Robin shrugged again, getting bored. She had thought this woman wanted to make love, but it appeared she didn't.

"You don't rush into it, of course." She craned her neck to see the wall menu, wondering if she had room for something called sauerkraut.

"It doesn't seem to hurt the complexion," Trini said as she lightly ran her fingertips over the coil of snake that looped Robin's breast. Her hand dropped and came to rest on Robin's thigh.

Robin looked at the hand, annoyed that she could not read this peckish woman's signals. The face was no help, either, when she looked there. Trini seemed to have made a study of being casual. Well, she thought, it never hurts to try. She had to reach up to put her arm over the bigger woman's shoulder. She kissed her on the lips. When she pulled away, Trini was smiling.

"So what is it you do?" Robin leaned forward to take the reefer from Trini, then settled back on her elbows again. They were reclining side by side, facing each other. Trini's disheveled mop of hair was backlighted by the open window of her room.

"I'm a prostitute."

"What's that?"

Trini rolled onto her side, doubled up with laughter. Robin giggled with her for a while but subsided long before Trini did.

"Where the hell have you been? Don't answer that, I know, cooped up in that big tin can in the sky. You really don't know?"

"I wouldn't have asked if I did." Robin was annoyed again, not liking to feel ignorant. Her gaze, looking for a place to light, settled on Trini's calf. She stroked it absently. Trini shaved her legs, for no reason that Robin could see, and left the hair on her arms alone. Robin shaved anywhere she had a tattoo, which was her left arm and right leg, part of her pubic area, and a wide circle around her left ear.

"I'm sorry. It's called the oldest profession. I provide sexual pleasure for money."

"You sell your body?"

Trini laughed. "Why do you say that? I sell a service. I'm a skilled worker with a college degree."

Robin sat up straight. "Now I remember. You're a whore."

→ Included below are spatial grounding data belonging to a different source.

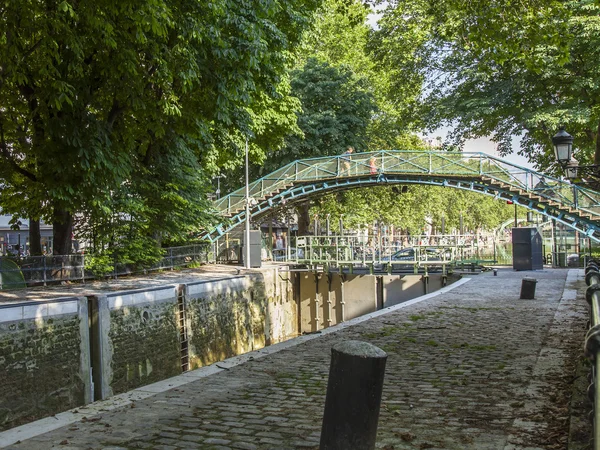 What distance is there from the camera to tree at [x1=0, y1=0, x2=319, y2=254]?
39.0 ft

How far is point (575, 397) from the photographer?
555 cm

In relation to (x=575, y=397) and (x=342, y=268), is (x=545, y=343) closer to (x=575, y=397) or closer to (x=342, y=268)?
(x=575, y=397)

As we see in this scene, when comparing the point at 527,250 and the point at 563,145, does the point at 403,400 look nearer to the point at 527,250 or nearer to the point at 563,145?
the point at 563,145

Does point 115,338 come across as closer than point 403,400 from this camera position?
No

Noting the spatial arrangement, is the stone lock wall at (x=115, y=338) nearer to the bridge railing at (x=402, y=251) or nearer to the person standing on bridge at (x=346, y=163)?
the bridge railing at (x=402, y=251)

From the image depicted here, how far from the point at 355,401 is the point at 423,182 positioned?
2519cm

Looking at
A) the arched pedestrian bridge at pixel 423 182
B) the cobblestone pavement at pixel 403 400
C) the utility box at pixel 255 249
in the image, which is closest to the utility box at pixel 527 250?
the arched pedestrian bridge at pixel 423 182

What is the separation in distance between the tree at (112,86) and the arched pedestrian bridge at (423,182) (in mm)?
9994

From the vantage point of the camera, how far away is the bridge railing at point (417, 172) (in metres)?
24.3

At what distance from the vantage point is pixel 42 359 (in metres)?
11.2

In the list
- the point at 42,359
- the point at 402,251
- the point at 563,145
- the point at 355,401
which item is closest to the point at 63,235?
the point at 42,359

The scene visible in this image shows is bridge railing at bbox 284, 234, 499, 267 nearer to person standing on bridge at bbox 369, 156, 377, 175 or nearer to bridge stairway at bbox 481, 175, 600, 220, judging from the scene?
bridge stairway at bbox 481, 175, 600, 220

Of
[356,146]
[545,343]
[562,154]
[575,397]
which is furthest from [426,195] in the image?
[575,397]

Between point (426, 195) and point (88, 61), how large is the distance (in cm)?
3777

"Not anymore. I free-lance."

Robin confessed she did not get it. She had heard of the concept of sex for money but was having difficulty integrating it with her still-hazy concepts of economics. There was supposed to be a slave-master in the picture somewhere, selling the bodies of the women he owned to men less rich than he.

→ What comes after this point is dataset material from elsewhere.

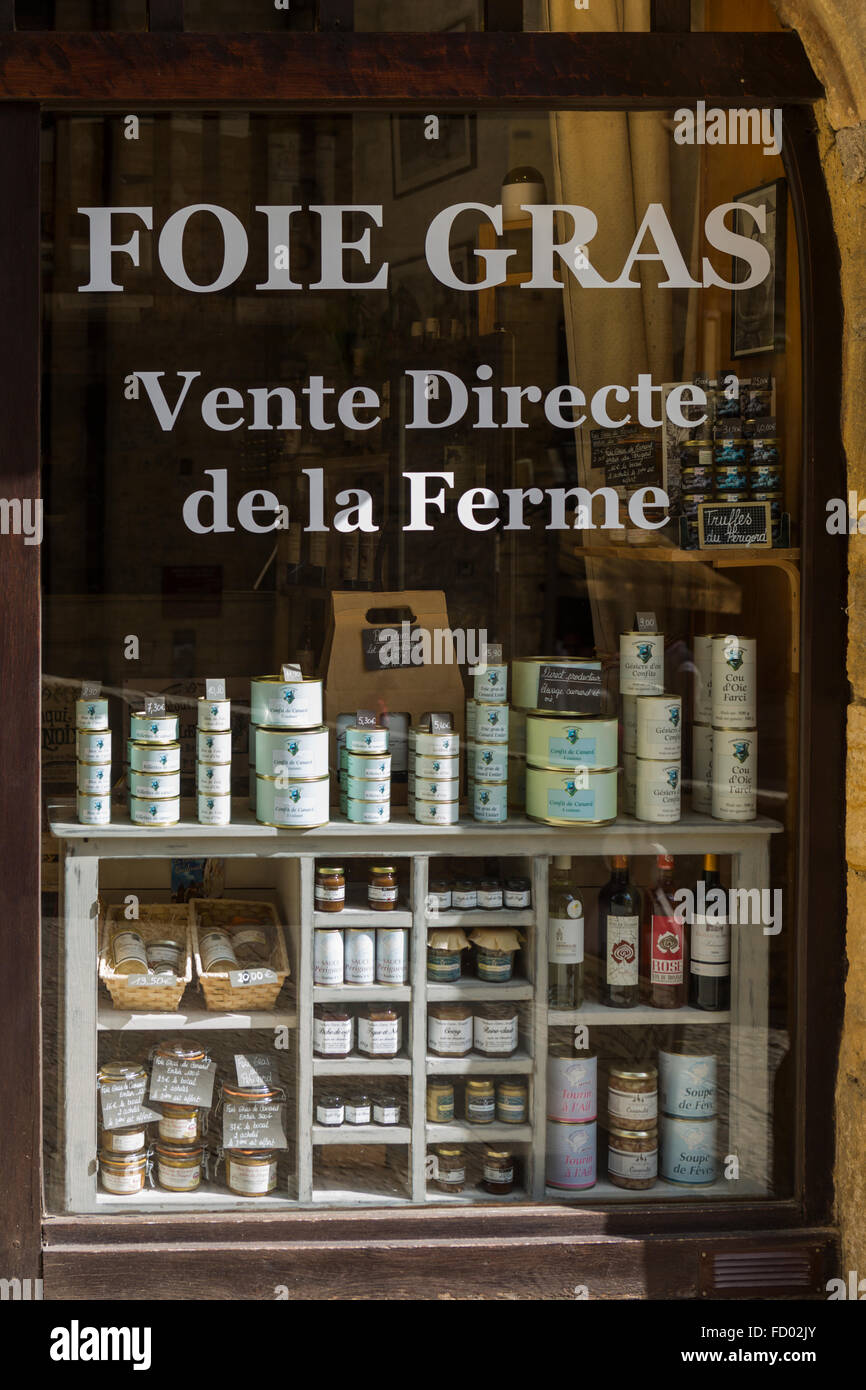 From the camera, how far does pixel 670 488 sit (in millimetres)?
3539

"I think we have a semantic problem. You say "whore" and "prostitute" like they're the same thing. They used to be, I guess. You can work through an agency or out of a house, and that's being a whore. Or you can be on your own, and that's a courtesan. On Earth, of course. Here, there's no laws, so it's every woman for herself."

Robin tried to make sense of it but had no luck. It did not fit with what she knew of peckish society that Trini should keep the money she made. That would imply her body was her own property, and of course, it wasn't, in men's eyes. She was sure there was a logical contradiction in what Trini had said but was too tired to worry about it just then. One thing seemed clear, though.

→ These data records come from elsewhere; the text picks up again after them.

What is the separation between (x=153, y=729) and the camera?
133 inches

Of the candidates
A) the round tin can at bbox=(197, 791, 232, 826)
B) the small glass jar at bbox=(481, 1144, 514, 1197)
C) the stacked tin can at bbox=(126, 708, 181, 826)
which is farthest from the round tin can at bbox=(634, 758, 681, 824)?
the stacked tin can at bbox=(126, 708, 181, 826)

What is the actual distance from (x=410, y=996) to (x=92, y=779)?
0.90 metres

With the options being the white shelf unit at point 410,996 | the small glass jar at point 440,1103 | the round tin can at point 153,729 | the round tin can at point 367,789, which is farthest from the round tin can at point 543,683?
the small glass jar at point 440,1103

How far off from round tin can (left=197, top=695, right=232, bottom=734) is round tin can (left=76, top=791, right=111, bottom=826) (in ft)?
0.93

"How much do I owe you, then?"

Trini's eyes widened. "You think ... oh, no, Robin. This I do for myself. Making love to men is my job, what I do for a living. I make love to women because I like them. I'm a lesbian." Trini looked slightly defensive for the first time. "I think I know what you're thinking. Why would a woman who doesn't like men make a living having sex with them? It gets a little-"

"No, I wasn't thinking that at all. That first thing you said is about the only thing you've said that makes sense. I understand that perfectly and see that you're ashamed of your peckish enslavement. But whats a lesbian?"